Re: [Intel-gfx] [PATCH] drm/i915/gen9: Increase PCODE request timeout to 100ms

Imre Deak <imre.deak@xxxxxxxxx> · Tue, 21 Feb 2017 16:13:47 +0200

On Tue, Feb 21, 2017 at 01:11:27PM +0000, Tvrtko Ursulin wrote:
> 
> On 21/02/2017 12:43, Imre Deak wrote:
> >On Tue, Feb 21, 2017 at 10:06:45AM +0000, Tvrtko Ursulin wrote:
> >>
> >>On 21/02/2017 09:37, Chris Wilson wrote:
> >>>On Tue, Feb 21, 2017 at 11:22:12AM +0200, Imre Deak wrote:
> >>>>On Mon, Feb 20, 2017 at 04:05:33PM +0000, Chris Wilson wrote:
> >>>>>So that our preempt-off period doesn't grow completely unchecked, or do
> >>>>>we need that 34ms loop?
> >>>>
> >>>>Yes, that's at least how I understand it. Scheduling away is what let's
> >>>>PCODE start servicing some other request than ours or go idle. That's
> >>>>in a way what we see when the preempt-enabled poll times out.
> >>>
> >>>I was thinking along the lines of if it was just busy/unavailable for the
> >>>first 33ms that particular time, it just needed to sleep until ready.
> >>>Once available, the next request ran in the expected 1ms.
> >>
> >>>Do you not see any value in trying a sleeping loop? Perhaps compromise
> >>>and have the preempt-disable timeout increase each iteration.
> >
> >This fallback method would work too, but imo the worst case is what
> >matters and that would be anyway the same in both cases. Because of this
> >and since it's a WA I'd rather keep it simple.
> >
> >>Parachuting in so apologies if I misunderstood something.
> >>
> >>Is the issue here that we can get starved out of CPU time for more than 33ms
> >>while waiting for an event?
> >
> >We need to actively resend the same request for this duration.
> >
> >>Could we play games with sched_setscheduler and maybe temporarily go
> >>SCHED_DEADLINE or something? Would have to look into how to correctly
> >>restore to the old state from that and from which contexts we can actually
> >>end up in this wait.
> >
> >What would be the benefit wrt. disabling preemption? Note that since
> >it's a workaround it would be good to keep it simple and close to how it
> >worked on previous platforms (SKL/APL).
> 
> It would be nicer not to relax that BUILD_BUG_ON in atomic wait for and, if
> the main problem is the scheduler/CPU starvation, to see if it can be solved
> differently.

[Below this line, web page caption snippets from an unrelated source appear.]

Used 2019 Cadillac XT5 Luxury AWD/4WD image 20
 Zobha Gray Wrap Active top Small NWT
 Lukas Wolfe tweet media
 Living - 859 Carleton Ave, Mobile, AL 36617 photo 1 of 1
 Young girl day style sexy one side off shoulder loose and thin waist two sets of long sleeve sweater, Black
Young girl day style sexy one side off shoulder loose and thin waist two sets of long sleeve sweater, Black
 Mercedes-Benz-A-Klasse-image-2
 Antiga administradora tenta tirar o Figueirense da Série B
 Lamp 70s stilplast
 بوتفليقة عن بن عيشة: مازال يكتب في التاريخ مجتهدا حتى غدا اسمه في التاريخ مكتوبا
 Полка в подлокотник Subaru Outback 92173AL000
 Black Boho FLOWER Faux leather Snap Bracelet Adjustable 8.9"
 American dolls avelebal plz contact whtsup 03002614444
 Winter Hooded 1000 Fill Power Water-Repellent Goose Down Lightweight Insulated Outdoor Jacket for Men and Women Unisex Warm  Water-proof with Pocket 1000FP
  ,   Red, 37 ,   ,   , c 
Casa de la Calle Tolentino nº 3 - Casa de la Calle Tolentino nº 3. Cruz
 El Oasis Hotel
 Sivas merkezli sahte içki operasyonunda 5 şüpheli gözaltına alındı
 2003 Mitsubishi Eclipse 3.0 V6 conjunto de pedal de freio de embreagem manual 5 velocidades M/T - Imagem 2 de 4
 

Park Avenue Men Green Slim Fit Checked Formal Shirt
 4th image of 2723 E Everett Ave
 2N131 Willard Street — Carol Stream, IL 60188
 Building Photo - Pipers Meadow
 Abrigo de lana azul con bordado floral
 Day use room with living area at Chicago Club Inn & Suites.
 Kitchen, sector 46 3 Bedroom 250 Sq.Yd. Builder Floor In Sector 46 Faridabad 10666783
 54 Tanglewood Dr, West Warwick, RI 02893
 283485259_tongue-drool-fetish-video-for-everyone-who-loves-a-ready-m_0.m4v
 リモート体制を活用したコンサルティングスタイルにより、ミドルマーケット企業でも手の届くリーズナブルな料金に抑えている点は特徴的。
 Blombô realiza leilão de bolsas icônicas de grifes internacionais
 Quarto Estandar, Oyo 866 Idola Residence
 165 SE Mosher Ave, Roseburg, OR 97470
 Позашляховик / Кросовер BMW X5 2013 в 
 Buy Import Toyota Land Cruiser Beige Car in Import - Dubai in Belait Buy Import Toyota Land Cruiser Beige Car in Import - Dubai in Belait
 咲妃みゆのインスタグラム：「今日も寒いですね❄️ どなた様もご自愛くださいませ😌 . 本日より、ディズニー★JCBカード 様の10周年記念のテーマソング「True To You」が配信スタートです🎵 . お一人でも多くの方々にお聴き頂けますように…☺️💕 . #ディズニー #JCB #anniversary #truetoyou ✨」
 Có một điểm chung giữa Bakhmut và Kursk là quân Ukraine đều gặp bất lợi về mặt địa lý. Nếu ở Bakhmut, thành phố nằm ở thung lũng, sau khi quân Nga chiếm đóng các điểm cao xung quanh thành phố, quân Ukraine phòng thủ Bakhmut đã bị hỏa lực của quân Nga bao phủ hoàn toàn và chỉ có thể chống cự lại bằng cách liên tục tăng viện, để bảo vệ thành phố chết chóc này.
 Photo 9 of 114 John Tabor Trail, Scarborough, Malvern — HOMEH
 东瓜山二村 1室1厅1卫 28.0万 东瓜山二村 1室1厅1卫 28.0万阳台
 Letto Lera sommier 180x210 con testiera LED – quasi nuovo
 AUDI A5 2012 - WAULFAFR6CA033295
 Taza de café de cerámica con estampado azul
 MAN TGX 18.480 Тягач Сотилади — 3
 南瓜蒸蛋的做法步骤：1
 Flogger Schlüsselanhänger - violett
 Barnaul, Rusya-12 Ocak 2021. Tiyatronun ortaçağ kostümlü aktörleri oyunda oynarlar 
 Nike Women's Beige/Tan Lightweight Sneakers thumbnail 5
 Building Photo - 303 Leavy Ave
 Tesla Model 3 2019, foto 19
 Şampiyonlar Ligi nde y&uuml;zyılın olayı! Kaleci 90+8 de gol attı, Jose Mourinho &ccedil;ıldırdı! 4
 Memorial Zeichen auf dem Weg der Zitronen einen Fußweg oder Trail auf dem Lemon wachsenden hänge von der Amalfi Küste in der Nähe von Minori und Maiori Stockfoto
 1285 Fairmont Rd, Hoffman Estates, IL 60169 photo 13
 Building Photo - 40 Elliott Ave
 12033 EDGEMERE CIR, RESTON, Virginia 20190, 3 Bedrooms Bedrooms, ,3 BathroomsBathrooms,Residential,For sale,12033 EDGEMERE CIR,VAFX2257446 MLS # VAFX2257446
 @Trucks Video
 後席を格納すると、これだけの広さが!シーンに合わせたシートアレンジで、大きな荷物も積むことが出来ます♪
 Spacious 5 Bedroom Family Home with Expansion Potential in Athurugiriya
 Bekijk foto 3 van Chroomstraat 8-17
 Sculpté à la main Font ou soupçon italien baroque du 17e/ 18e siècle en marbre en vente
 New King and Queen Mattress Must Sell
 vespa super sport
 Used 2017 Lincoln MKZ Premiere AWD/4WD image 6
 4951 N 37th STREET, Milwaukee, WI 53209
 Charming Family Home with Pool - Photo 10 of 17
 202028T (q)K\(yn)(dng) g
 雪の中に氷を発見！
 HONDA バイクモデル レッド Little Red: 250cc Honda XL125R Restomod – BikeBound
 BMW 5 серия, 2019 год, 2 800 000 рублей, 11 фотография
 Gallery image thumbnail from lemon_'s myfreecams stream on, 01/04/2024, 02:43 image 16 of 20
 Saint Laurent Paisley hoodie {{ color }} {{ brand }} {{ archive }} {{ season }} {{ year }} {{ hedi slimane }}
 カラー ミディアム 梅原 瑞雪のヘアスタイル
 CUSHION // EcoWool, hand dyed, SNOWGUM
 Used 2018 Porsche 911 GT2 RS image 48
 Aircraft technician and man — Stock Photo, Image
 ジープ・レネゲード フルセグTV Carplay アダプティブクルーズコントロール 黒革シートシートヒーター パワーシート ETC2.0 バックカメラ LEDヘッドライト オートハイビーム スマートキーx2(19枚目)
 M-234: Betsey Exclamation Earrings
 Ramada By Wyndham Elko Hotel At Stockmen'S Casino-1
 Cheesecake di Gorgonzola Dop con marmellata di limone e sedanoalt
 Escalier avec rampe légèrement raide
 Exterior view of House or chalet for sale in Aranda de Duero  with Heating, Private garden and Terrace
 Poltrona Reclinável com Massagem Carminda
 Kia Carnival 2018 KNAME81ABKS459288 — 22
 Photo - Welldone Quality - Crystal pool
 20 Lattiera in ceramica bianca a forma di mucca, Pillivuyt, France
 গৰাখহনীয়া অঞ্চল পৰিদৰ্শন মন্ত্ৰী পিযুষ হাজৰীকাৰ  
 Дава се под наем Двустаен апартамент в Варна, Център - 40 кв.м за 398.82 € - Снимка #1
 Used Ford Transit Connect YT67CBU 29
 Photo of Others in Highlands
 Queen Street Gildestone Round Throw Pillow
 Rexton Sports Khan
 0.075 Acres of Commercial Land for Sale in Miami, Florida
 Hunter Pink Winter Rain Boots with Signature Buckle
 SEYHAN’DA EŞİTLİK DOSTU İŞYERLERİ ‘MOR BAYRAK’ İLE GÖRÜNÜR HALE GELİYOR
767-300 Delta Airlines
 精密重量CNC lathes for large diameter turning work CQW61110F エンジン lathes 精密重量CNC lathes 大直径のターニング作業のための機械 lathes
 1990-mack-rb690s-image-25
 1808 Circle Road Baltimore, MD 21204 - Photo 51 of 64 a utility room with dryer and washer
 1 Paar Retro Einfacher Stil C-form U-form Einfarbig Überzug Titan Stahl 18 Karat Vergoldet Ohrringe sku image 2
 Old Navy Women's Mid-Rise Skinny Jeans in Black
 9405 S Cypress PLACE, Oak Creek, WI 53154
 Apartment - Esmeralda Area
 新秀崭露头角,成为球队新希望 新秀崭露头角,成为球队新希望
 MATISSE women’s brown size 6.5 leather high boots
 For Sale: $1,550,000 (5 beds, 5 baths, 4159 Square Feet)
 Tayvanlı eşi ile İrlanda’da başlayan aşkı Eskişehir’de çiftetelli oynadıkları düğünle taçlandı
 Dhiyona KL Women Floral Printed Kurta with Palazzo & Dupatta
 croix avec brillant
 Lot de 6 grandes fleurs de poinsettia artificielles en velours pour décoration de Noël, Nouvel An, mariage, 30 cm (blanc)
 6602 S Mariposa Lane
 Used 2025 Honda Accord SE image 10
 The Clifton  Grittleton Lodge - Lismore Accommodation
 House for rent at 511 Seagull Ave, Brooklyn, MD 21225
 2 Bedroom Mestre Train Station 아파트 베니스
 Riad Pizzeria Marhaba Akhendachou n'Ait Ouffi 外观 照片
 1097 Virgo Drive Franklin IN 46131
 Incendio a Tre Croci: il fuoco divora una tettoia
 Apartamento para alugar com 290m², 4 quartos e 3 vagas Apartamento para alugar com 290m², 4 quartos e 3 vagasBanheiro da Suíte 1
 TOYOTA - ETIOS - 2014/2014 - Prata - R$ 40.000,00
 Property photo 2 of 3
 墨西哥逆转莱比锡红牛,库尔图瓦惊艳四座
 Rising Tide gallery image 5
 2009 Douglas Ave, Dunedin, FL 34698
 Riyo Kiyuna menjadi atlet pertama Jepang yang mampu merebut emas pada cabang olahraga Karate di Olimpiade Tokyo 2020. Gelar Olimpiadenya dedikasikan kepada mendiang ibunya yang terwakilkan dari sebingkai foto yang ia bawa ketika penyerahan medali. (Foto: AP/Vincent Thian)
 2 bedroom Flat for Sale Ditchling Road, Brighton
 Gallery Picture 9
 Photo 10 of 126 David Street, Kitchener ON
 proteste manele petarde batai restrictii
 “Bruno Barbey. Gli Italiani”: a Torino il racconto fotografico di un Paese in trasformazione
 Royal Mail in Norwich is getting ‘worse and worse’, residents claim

Even though the atomic wait here would trigger very rarely it
> might be worth coming up with something nicer and generalized.
> 
> If I understood it correctly, the difference between this wait_for call site
> and the rest is that here it wants a certain number of COND checks to be
> guaranteed?

Yes.

> The other call sites care more about checking on enter and exit.
> 
> So in this case we want the period parameter to actually be guaranteed (or
> close). This sounded like a good candidate for SCHED_DEADLINE to me. Like
> wait_for_periodic(COND, TIMEOUT, INTERVAL).

Could be. But this would give less guarantee than disabling preemption,
as SCHED_DEADLINE still works on a best effort basis. How about
increasing the timeout now (to 50ms) and trying what you suggest as a
follow-up? That way we have also something for -stable.

--Imre

> Maybe that could get away with the second atomic loop and be a generic
> solution on all platforms.

> 
> Regards,
> 
> Tvrtko